───── The data
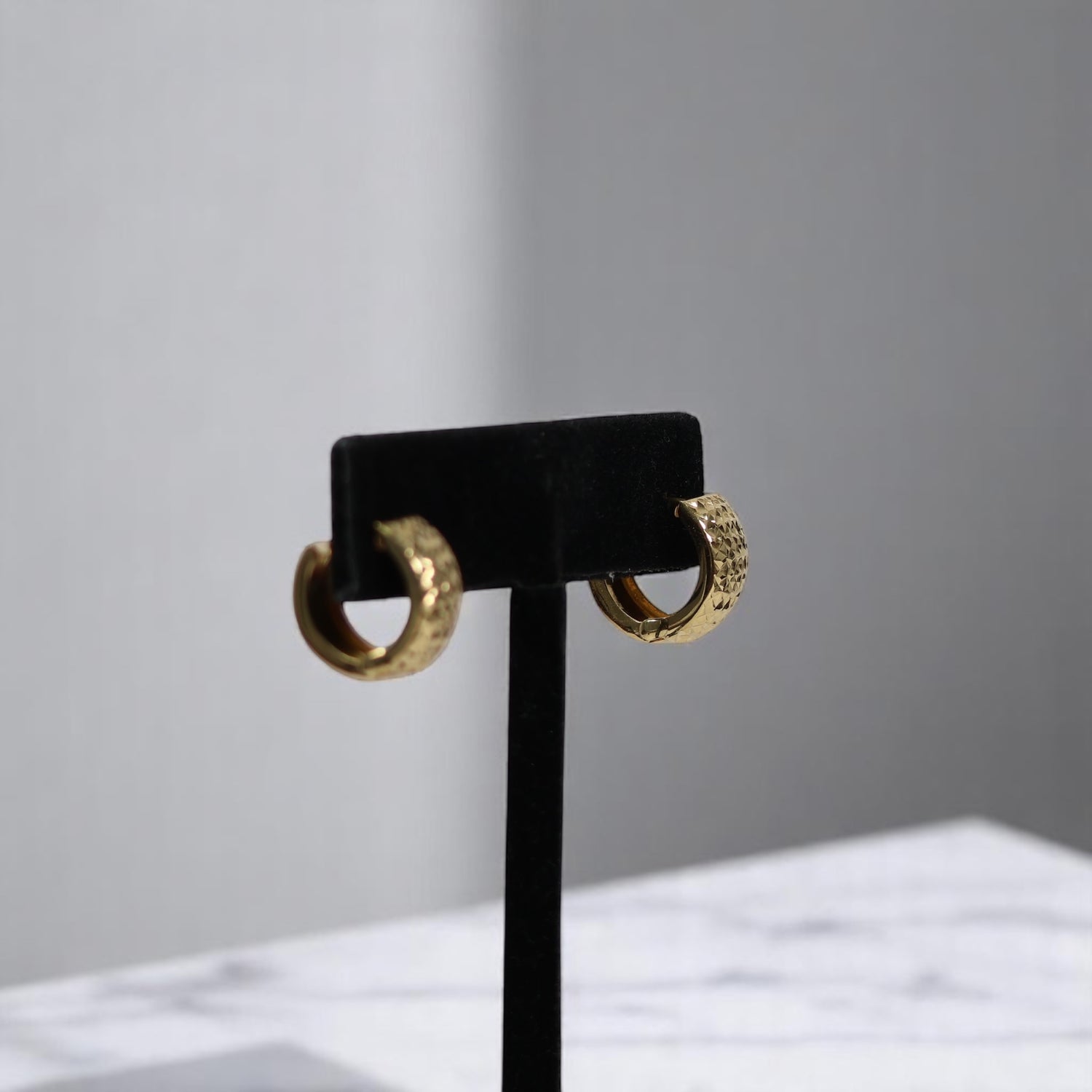14K YG Vintage Hoop Earrings / 2.26gr / 0.5in /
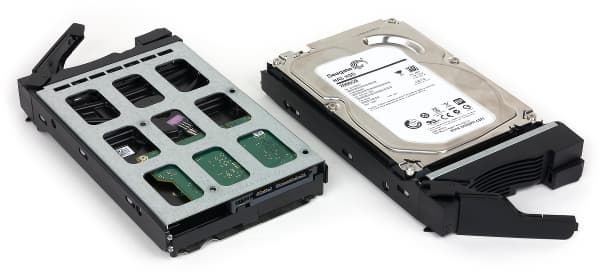 Установка винчестеров в Asustor AS-302T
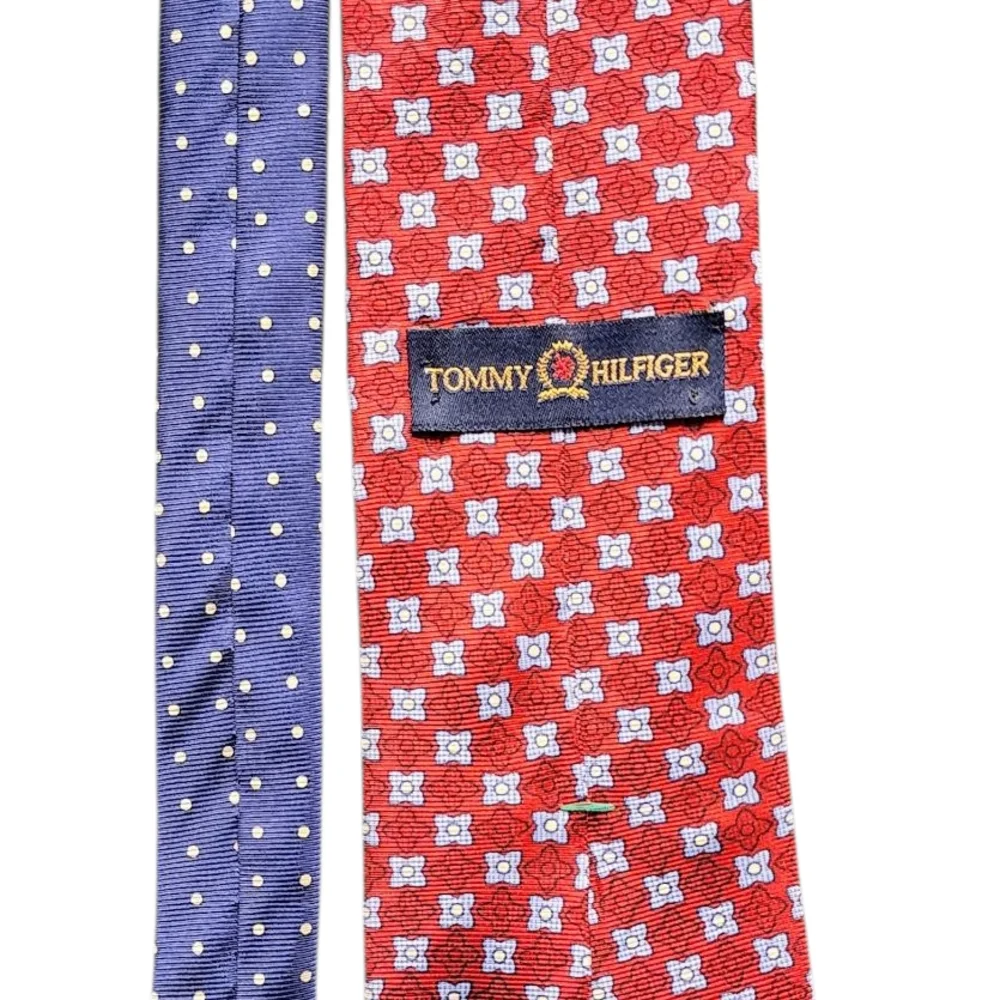 Tommy Hilfiger‎ Red and White Silk Tie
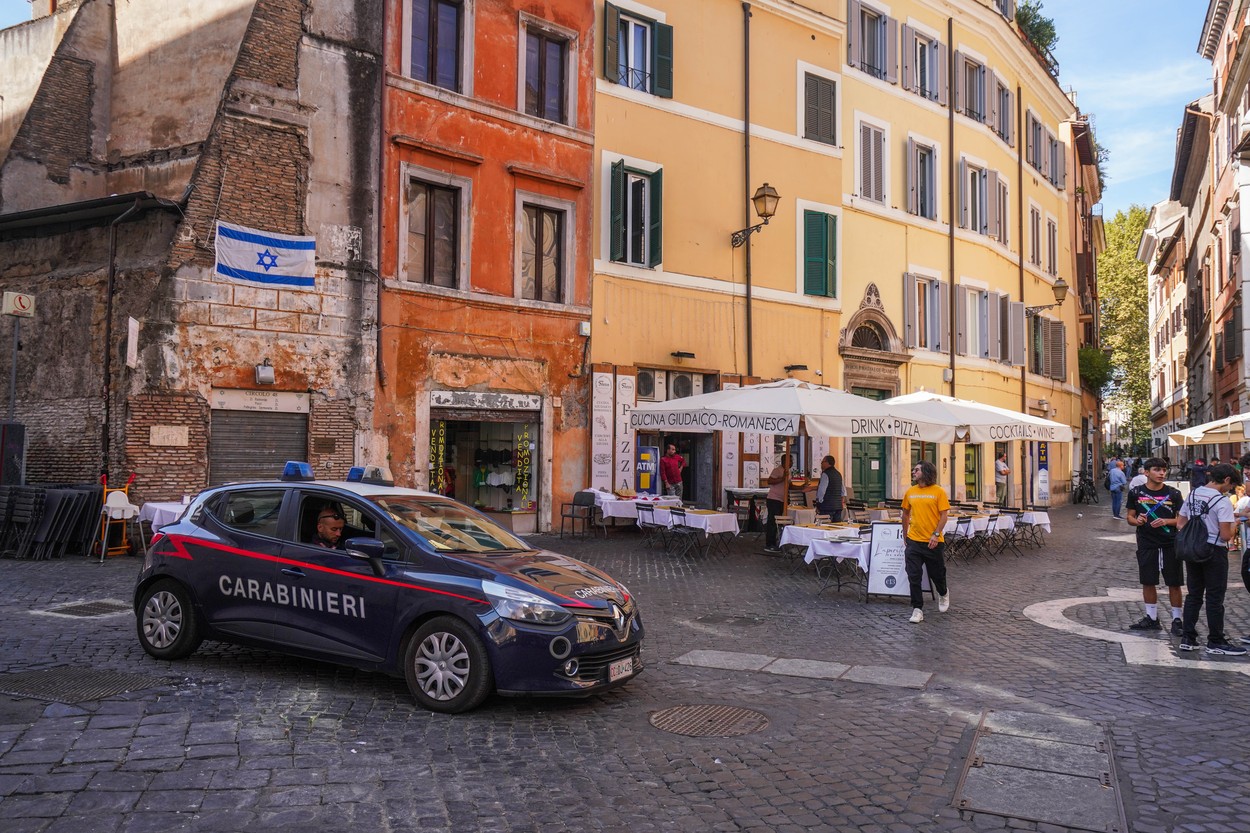Hightened security in the Jewsih quarter fo Rome, Rome, Italy - 13 Oct 2023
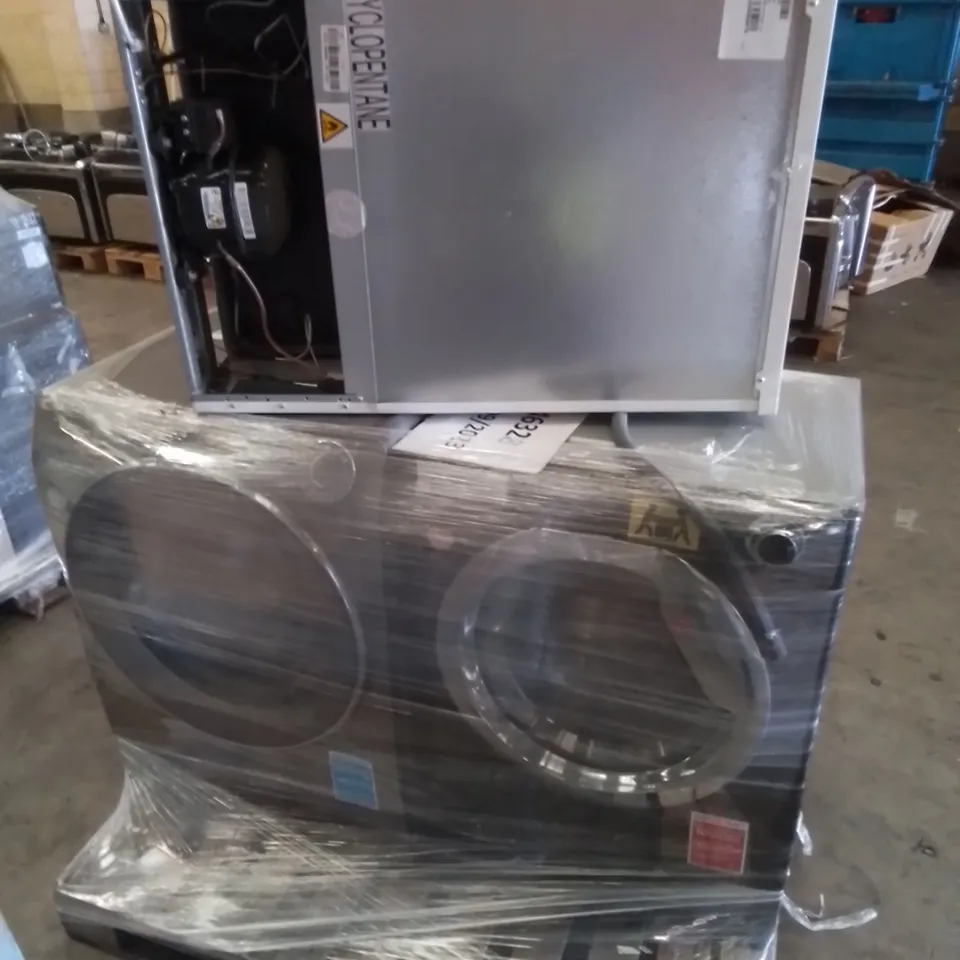 PALLET TO CONTAIN APPROXIMATELY  ASSORTED ELECTRONIC GOODS & PRODUCTS. INCLUDES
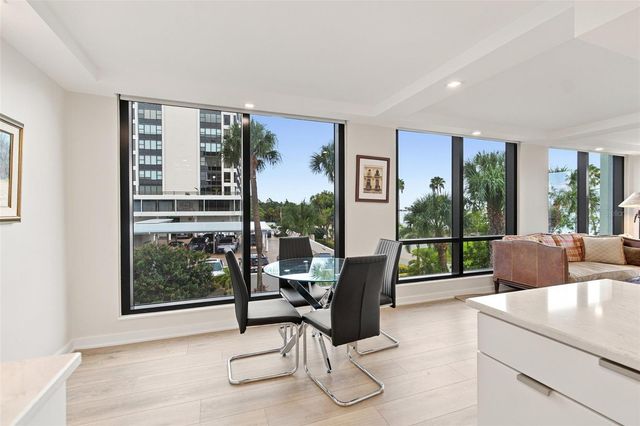 707 S GULFSTREAM AVENUE 207, Sarasota, FL 34236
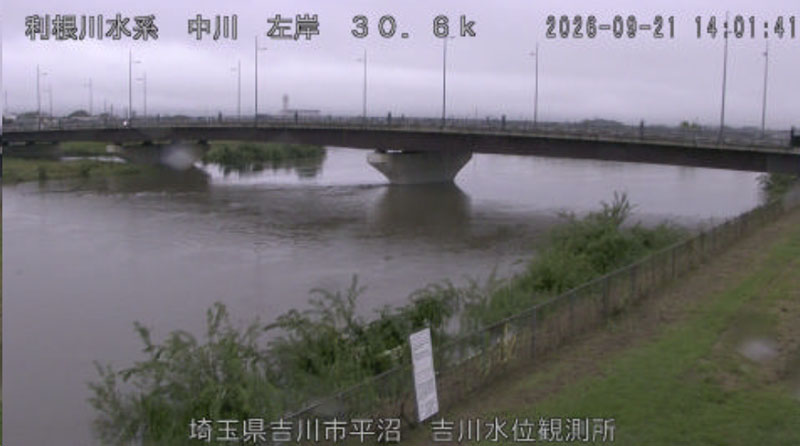 中川（吉川水位観測所）の様子＝21日午後2時1分撮影、国土交通省より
──────────
» **Work order**: Leave out the pictures and retype the rest of the entries exactly.

» **Answer to this exercise**:
14K YG Vintage Hoop Earrings / 2.26gr / 0.5in /
 Установка винчестеров в Asustor AS-302T
 Tommy Hilfiger‎ Red and White Silk Tie
Hightened security in the Jewsih quarter fo Rome, Rome, Italy - 13 Oct 2023
 PALLET TO CONTAIN APPROXIMATELY  ASSORTED ELECTRONIC GOODS & PRODUCTS. INCLUDES
 707 S GULFSTREAM AVENUE 207, Sarasota, FL 34236
 中川（吉川水位観測所）の様子＝21日午後2時1分撮影、国土交通省より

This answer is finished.